Yin, yang, en pats, weer yin
Dus, je ligt in je wieg. Fase een. Je komt op gang en je blijft op gang. Fase twee. Je stopt ermee en ligt op de sofa om daytime TV te kijken. Fase drie. Hoe hebben we dit verzonnen gekregen? Is het niet veel logischer dat ons levensritme veel genuanceerder wordt? Dat we pauze en activiteit afwisselen? Net zoals we ‘s nachts slapen, en overdag bezig zijn, is het beslist logisch dat het qua levensritme zo rond ons midden-veertigste á vijftigste een tijdje nacht is overdag, zogezegd. In de Chinese filosofie wisselen yin en yang, rust en activiteit, elkaar af. De een is niet groter dan de andere. De een is niet belangrijker dan de andere. Wij westerlingen daarentegen staan constant in het teken van de yang, totdat we rond de pensioentijd gedwongen of niet acuut in yin-stand ‘mogen’ komen te staan (NB: of dat in Rutte-tijden ook echt lukt ondanks het feit dat je als grootouder mag participeren in de opvoeding van de eventuele kleinkinderen omdat ma en pa aan het werk zijn, is punt twee).

Logisch, de pauzestand
Gelukkig komt er al wat besef dat een periode van zo’n vijftig werkzame jaren achter elkaar niet ideaal is, en tussendoor pauzes nodig zijn. Vandaar de opkomst van het sabbatical-year en andere lange pauzes van het werk. Maar dan worden we wel geacht om de wereld rond te reizen of iets ander groots te doen. Waarom kunnen we voortaan niet een tijdje pauzeren om het pauzeren, middenin ons leven? Als ik terug kijk, vind ik het geen wonder dat het even nacht is geworden in mijn bestaan. Ik heb er ruim dertig jaar werken op zitten, en bij elkaar ook nog een paar decennia van scholing voor en tijdens mijn werkzame bestaan. Je zou van minder in pauzestand komen te staan.
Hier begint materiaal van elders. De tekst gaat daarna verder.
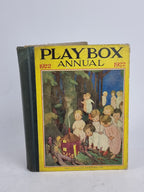 The Playbox Annual 1922, Various Authors — Fourteenth Year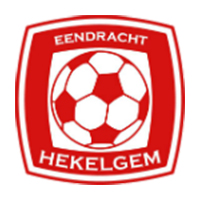 EENDRACHT HEKELGEM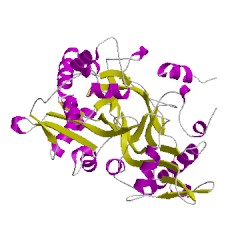 Image of CATH 2p6fC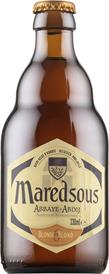 [kuva: Maredsous Blonde(&copy; Alko)]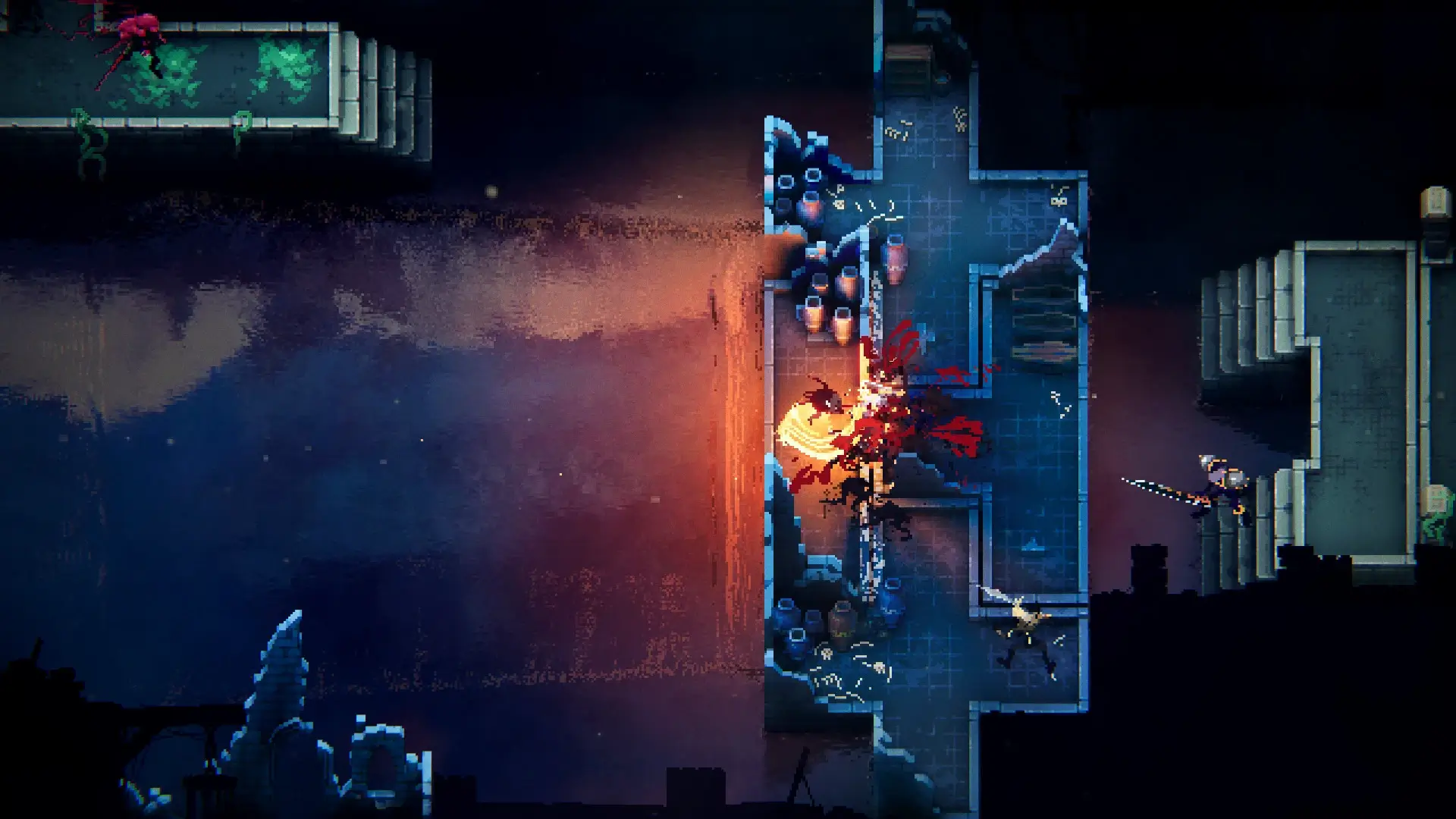 Loot River Gameplay Screenshots 2
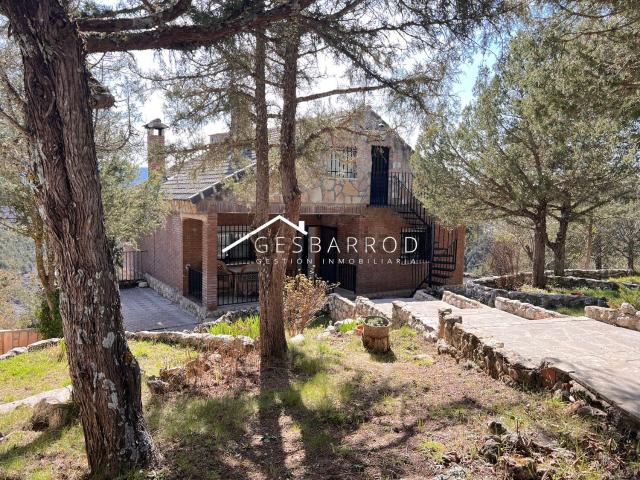 Casa en venta en Los Cortos, Duruelo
Voeg daarbij het pittige hormonale werk dat vanbinnen gebeurt als je door de overgang gaat, en je kunt alleen maar besluiten dat je het volste recht hebt op wat sofa-tijd. En als ik het geluk heb om nog wat jaren mee te mogen gaan, heb ik vóór mijn AOW – en ongetwijfeld ook tijdens – nog wel wat drukte voor de boeg. Dus dit is wat we in de overgang echt mogen gaan veroveren: het recht om een flinke scheut rust bij te voegen in ons dagelijkse leven. Let wel, niet waar we maar willen. Want aan de eisen die je leven aan je stelt doe je niet zomaar iets. Eventuele relatie en/of kinderen, werk, sociale verplichtingen en mantelzorg, ze gaan niet spontaan in pauzestand. Maar lukt het dan een keer om wat tijd voor jezelf te nemen en twee uur te gaan slapen of rusten al is het klaarlichte dag? Gefeliciteerd, goed zo, en weg met het stiekeme schuldgevoel. Laat staan dat je je oog mag laten vallen op de volle wasmand of de mailbox of de brief van de oudercommissie. Rust maar even lekker uit meisje, ga maar even voluit in yin-stand. We hebben het verdiend.